At that time, Dr Kwame Nkrumah foresaw heavy vehicular traffic building between the two cities, reaching its peak when his dream of transforming Tema into the industrial hub of the newly-independent Ghana began to materialize.

Those who were old enough would recall that in those days once one exited Accra, the only place of call was Tema, unless, of course, one was continuing towards Ho and beyond or Aflao, the country´s eastern gateway.

Today, 45 years later, the Accra-Tema Motorway cannot be said to be playing the same role envisaged at its inauguration. The Motorway now carries heavy traffic destined for not only Tema and its numerous satellite settlements on the east but also for new communities that have sprung up on the western side.

New residential areas on the western side of the Motorway include East Legon, Adjiriganno, Trassaco Valley and the still-under-development Borteiman Estate.

On the eastern side are numerous factories, bonded warehouses, shopping malls, banks and several residential estates. Among the residential areas are Tema communities 13, 14, 15, 16, 17, 18, 19 and 20. Apart from these are private estates belonging to the National Trust Holding Company (NTHC), Hydrafom, Devtraco, Coastal, Frempomaa, Parakuo, Regimanuel-Gray and many others. Among the industrial establishments are the giant Coca-Cola Bottling Company, Printex, Johnson Wax, Kasapreko, Ghana Cylinder Manufacturing Company and Papaye, the food giant.

From the above, it is obvious that the Motorway had long ceased to be an express way linking two cities, to become virtually a street running through several townships or residential settlements. And with this dramatic development comes along the attendant challenges: accidents that constantly claim lives, armed robbery, problems with security, etc.

Ghana´s only motorway has been without lights since it was built in l964. On June 20, 2002, the GNA reported that government is spending ¢19.5 billion to light up the motorway to commemorate the country´s Golden Jubilee in 2007. Almost seven years down the line, the Accra-Tema Motorway Lighting Project has been suspended due to extensive cable thefts. The contractors on the project, All Afra Electrical, have complained that about 34,000 metres of underground cables valued at more than GH¢400,000, were stolen last year.

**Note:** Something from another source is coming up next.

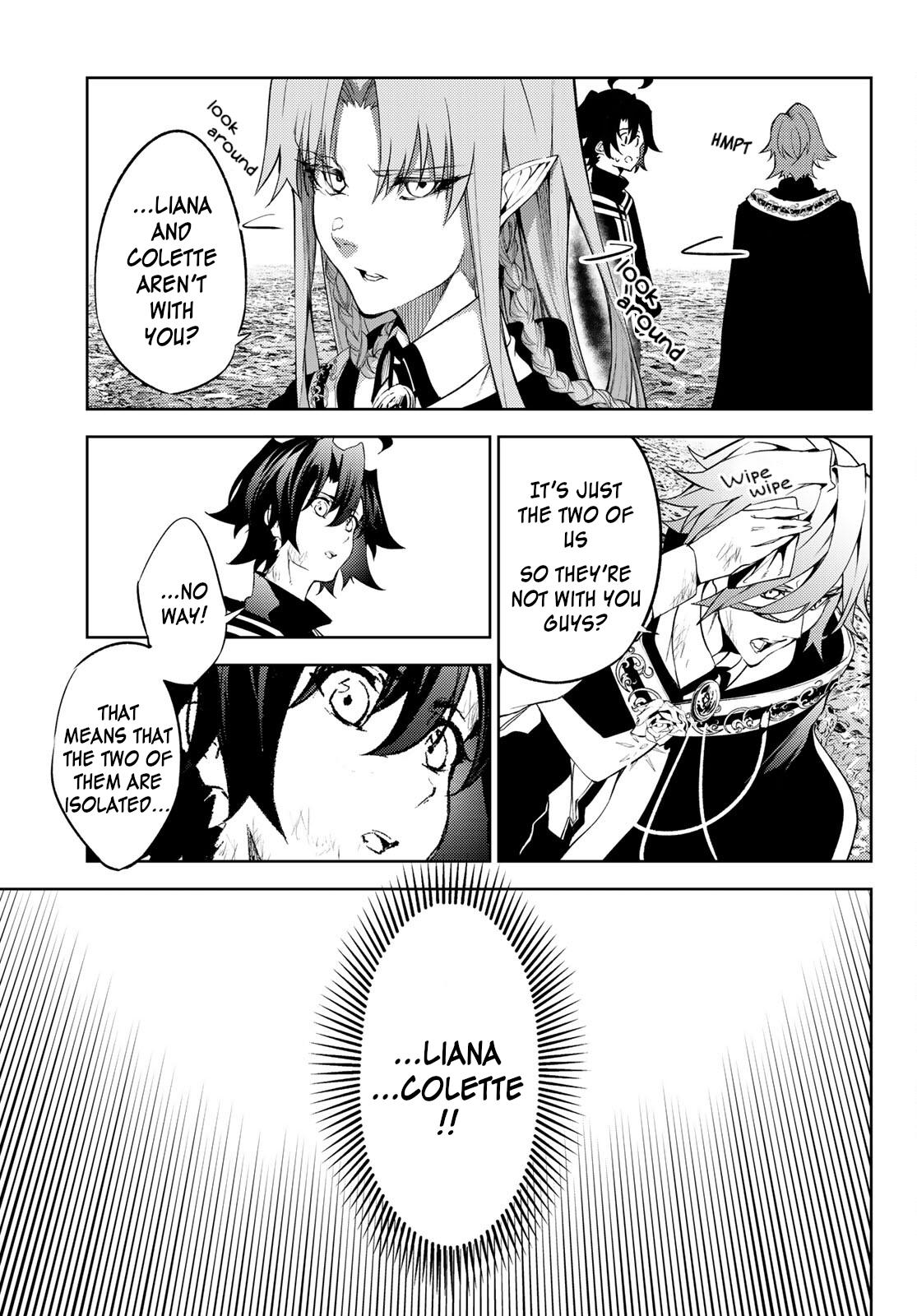 Tsue to Tsurugi no Wistoria Chap 16 - Next Chap 17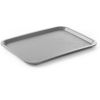 Dienblad polypropyleen fast food grijs 415x305mm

ADOM FM is embarking on a special crusade to highlight some of the dangers on the multi-purpose highway: the rampant criminal activities on the motorway, the broken down bridges, the pot-holes, stolen side-rails, mal-functioning street light, and lack of reflectors, broken down vehicles, and above all road safety.

Adom FM´s love for the Accra-Tema Motorway is not just because it is Ghana's historical legacy to its people. The economic importance of the route is immeasurable. However, the route is desperately calling for urgent attention from Government, through the various stakeholders to the general public.